EUで「海洋汚染罪」を導入:犯罪化が実現、公海上の行為も処罰
欧州連合(EU)の閣僚理事会は、中央ヨーロッパ時間12日、故意又は重過失により(vorsätzlich oder grob fahrlässig)惹き起こされた海洋汚染を加盟国が犯罪とし、刑事罰を義務付ける指令(Richtlinie)を可決した。これにより、2年以上に亘った立法手続は完了し、同指令は成立した。
EUでは、1999年のエリカ(ERIKA)号座礁事件と2002年のプレスティージ(PRESTIGE)号座礁事件により、石油その他の有害物質による海洋汚染が深刻な問題として認識されるようになった。現在、安全基準をみたさない船舶や老朽船舶の追放などの措置を行っているが、より予防効果のある措置として、汚染行為に対する刑事罰の導入が期待されていた。
同指令では、一部の加盟国の反対により、自由刑(日本の懲役刑に相当)を導入することはできなかったが、最大150万ユーロの罰金が科せられることになり、海洋汚染を予防する効果が期待されている。また、「海洋汚染に領海も公海も区別はない」との論理のもと、指令は、適用範囲を領海に限定せず、公海上の行為も犯罪行為としているため、この点で「ザル法」となることはない。
同指令は、加盟国の港湾に寄航する船舶であれば、船舶の旗国(船籍)や船長・船舶所有者等の国籍等に関係なく適用される。
今回成立した指令は、「船舶による海洋汚染、及び、汚染罪に対する制裁(刑事罰を含む。
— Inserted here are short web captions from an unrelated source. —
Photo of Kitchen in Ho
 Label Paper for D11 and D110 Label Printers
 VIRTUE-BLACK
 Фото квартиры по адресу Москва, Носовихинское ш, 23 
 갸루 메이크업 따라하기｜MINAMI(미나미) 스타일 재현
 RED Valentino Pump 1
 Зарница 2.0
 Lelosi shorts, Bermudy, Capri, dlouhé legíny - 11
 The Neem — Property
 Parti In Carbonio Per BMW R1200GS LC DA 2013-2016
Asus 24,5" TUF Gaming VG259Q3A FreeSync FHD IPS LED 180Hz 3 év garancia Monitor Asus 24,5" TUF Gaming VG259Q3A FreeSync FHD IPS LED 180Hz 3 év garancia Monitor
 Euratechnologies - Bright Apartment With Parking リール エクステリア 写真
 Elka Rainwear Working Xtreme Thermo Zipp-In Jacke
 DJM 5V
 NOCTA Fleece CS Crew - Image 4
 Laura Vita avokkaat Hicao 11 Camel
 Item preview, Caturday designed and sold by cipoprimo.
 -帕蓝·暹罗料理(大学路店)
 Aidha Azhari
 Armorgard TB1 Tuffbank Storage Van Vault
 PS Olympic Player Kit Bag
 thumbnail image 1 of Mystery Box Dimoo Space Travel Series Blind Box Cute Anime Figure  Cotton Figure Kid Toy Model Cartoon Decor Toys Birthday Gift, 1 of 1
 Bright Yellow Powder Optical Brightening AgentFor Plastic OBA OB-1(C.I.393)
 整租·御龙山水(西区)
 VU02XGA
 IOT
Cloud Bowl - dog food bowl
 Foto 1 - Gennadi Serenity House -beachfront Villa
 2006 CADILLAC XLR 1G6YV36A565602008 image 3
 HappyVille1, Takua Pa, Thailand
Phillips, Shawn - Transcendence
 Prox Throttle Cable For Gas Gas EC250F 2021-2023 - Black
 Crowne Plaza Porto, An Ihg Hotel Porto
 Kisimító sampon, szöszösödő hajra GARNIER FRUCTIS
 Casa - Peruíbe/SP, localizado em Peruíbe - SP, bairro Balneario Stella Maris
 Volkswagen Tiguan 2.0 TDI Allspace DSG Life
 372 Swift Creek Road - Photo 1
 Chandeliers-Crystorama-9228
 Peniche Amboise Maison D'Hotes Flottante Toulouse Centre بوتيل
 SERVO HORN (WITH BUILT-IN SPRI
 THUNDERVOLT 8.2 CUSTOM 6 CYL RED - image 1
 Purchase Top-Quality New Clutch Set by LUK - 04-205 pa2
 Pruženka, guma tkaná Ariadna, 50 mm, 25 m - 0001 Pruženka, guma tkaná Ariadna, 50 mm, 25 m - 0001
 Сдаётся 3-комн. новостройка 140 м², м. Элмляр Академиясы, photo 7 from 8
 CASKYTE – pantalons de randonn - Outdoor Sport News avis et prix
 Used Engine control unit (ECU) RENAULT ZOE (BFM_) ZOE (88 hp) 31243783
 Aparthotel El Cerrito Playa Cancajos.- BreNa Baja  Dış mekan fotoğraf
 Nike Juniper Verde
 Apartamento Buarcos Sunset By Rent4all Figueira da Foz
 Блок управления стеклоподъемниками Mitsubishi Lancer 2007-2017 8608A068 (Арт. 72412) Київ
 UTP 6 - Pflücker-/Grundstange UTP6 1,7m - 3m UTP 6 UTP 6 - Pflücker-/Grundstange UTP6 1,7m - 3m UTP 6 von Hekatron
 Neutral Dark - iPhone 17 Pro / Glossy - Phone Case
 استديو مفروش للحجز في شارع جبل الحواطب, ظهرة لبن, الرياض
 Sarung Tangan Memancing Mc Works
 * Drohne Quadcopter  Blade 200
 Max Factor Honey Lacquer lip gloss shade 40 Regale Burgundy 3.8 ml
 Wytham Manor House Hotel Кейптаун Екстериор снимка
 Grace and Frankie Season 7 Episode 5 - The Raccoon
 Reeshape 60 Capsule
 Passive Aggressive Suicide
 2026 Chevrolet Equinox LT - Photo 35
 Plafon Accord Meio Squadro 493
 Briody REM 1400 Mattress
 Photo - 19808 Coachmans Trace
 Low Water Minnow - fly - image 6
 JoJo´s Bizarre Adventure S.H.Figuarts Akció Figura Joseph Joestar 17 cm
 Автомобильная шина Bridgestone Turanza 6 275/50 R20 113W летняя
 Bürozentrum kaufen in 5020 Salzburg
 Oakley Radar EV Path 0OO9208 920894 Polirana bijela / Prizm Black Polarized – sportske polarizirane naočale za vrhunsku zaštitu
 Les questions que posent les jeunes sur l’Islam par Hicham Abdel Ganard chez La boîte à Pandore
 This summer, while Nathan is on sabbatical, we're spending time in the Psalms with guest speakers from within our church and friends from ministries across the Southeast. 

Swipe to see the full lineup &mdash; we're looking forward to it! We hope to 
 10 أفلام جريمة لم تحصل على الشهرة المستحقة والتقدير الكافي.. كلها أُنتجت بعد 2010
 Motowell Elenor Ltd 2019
)の導入に関する欧州議会及び理事会の指令(Richtlinie des Europäischen Parlaments und des Rates über die Meeresverschmutzung durch Schiffe und die Einführung von Sanktionen, einschließlich strafrechtlicher Sanktionen, für Verschmutzungsdelikte)」で、近く正文がEU官報(Amtsblatt)で公布される。
海洋汚染罪の構成要件となる「有害物質(Schadstoffe)」は、マルポール73/78条約(Marpol-Übereinkommen 73/78、1973年の船舶による汚染の防止のための国際条約に関する1978年の議定書)の第一附属書及び第二附属書に定められた物質とされており、具体的には、石油などの油類と有害液体物質が対象となる。
指令案は、2003年3月6日に欧州委員会によって提出されたが(欧州委員会2003年92号確定)、欧州議会と理事会の共同決定手続(Mitentscheidungsverfahren、欧州共同体条約251条)によるべきものとされているため、2年以上の時間を掛けてようやく成立にまでこぎつけた。
今後、指令は国内法に転換されることになるが、欧州委員会の原案によれば転換期限は6か月であり、早急に国内法に転換されるものと見られる。